What is required: The full listing should be written out verbatim, and its images should be dropped.

Information provided:
--------------------------------
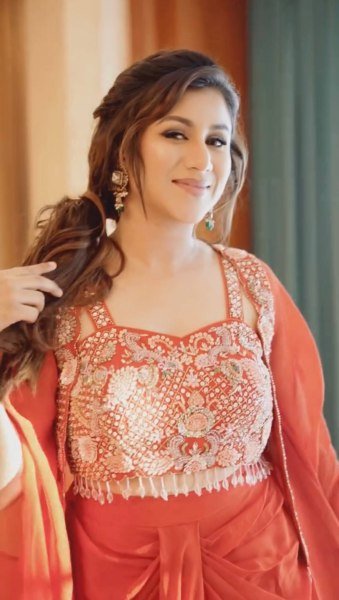 Orange Faux Georgette Embroiderery Lehenga Set with Shrug Designer Party Wear Ready To Wear Collection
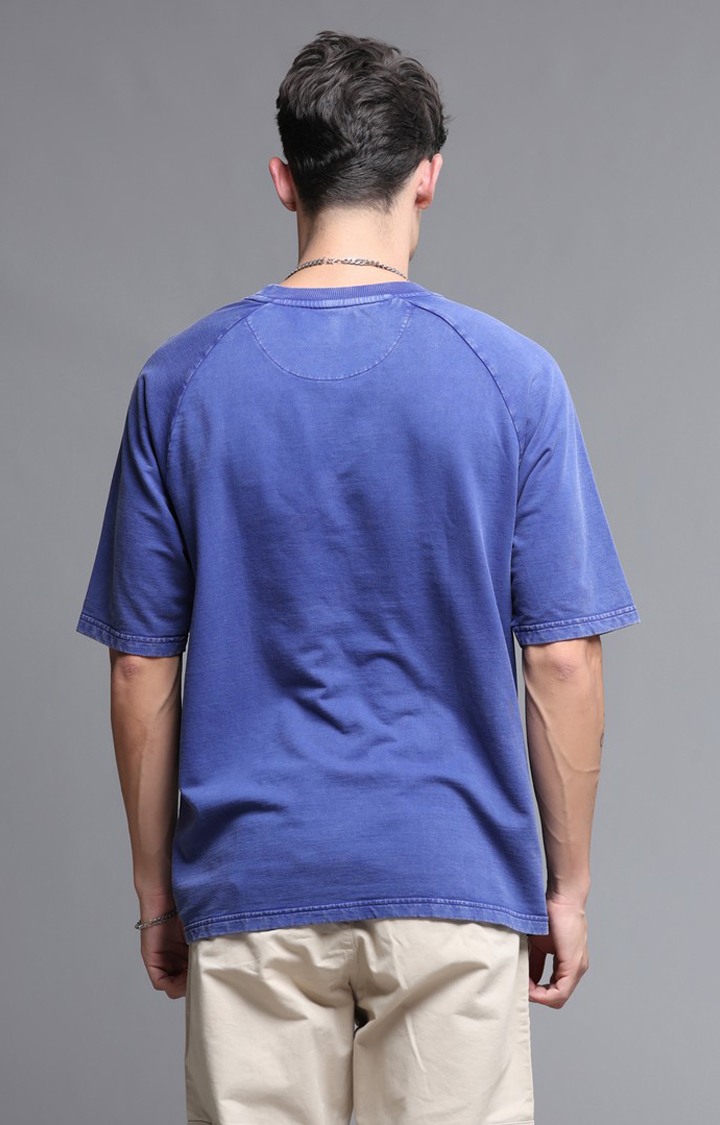 Men's Blue Solid Oversized T-Shirt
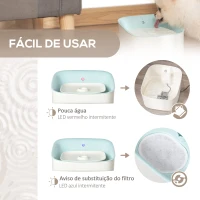 PawHut Dispensador de Água para Gatos 3L Fonte de Água Automática para Cães e Gatos com Sensor Infravermelho 3 Modos e Luz Indicadora LED 21x20x18cm Branco e Azul(m-6)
--------------------------------
Result for this task:
 Orange Faux Georgette Embroiderery Lehenga Set with Shrug Designer Party Wear Ready To Wear Collection
 Men's Blue Solid Oversized T-Shirt
 PawHut Dispensador de Água para Gatos 3L Fonte de Água Automática para Cães e Gatos com Sensor Infravermelho 3 Modos e Luz Indicadora LED 21x20x18cm Branco e Azul(m-6)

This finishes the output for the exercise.